- _Task requirements_:
Begin at the line containing "Plus Size Sofia One Shoulder Midi Dress" and restate it and each line after it exactly, up to and including the last line below. Leave pictures out.

- _Data below_:
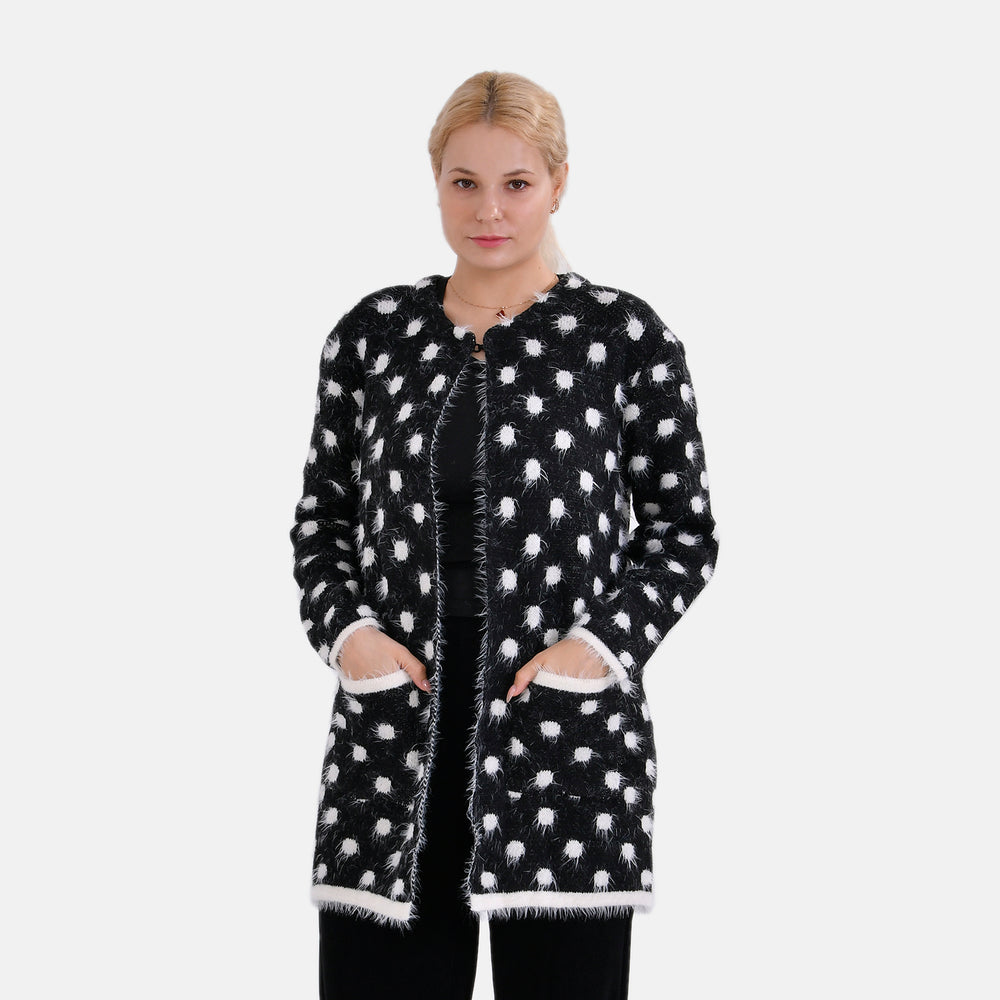 Tamsy Polka Dot Coatigan with Pockets (Size - One Size) - Black_7808055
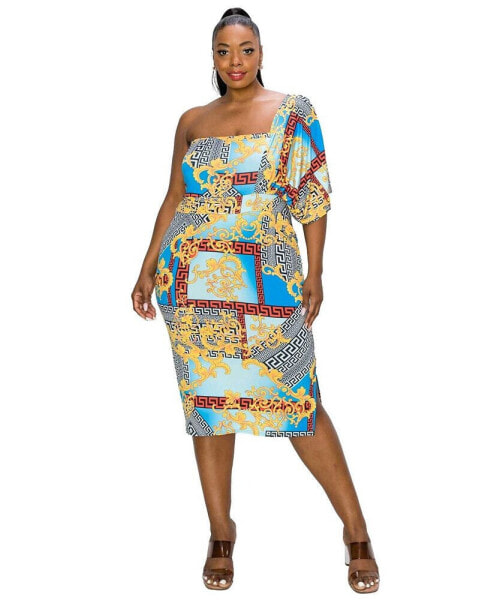 Plus Size Sofia One Shoulder Midi Dress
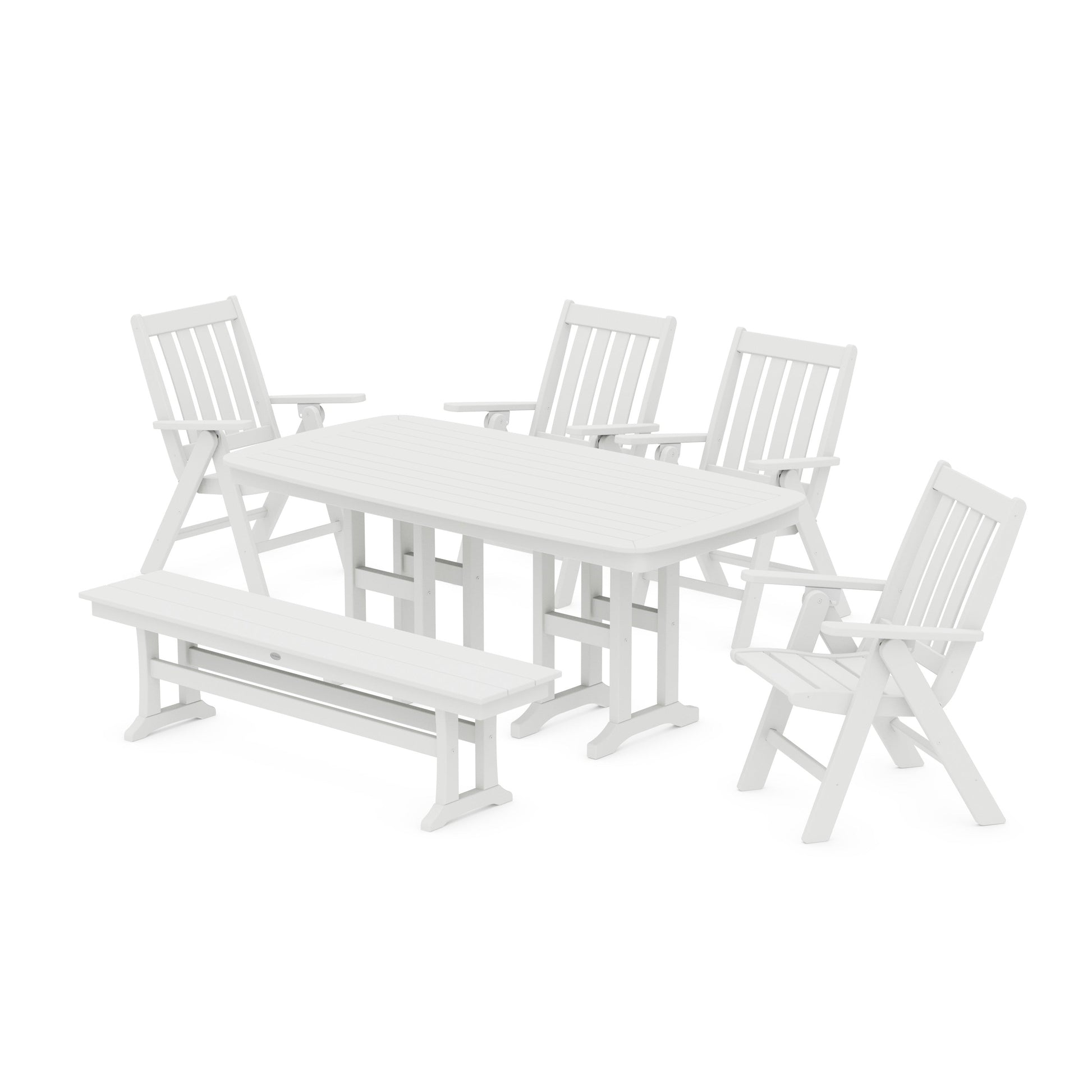 POLYWOOD Vineyard Folding Chair 6-Piece Dining Set with Bench — White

- _Answer below_:
 Plus Size Sofia One Shoulder Midi Dress
 POLYWOOD Vineyard Folding Chair 6-Piece Dining Set with Bench — White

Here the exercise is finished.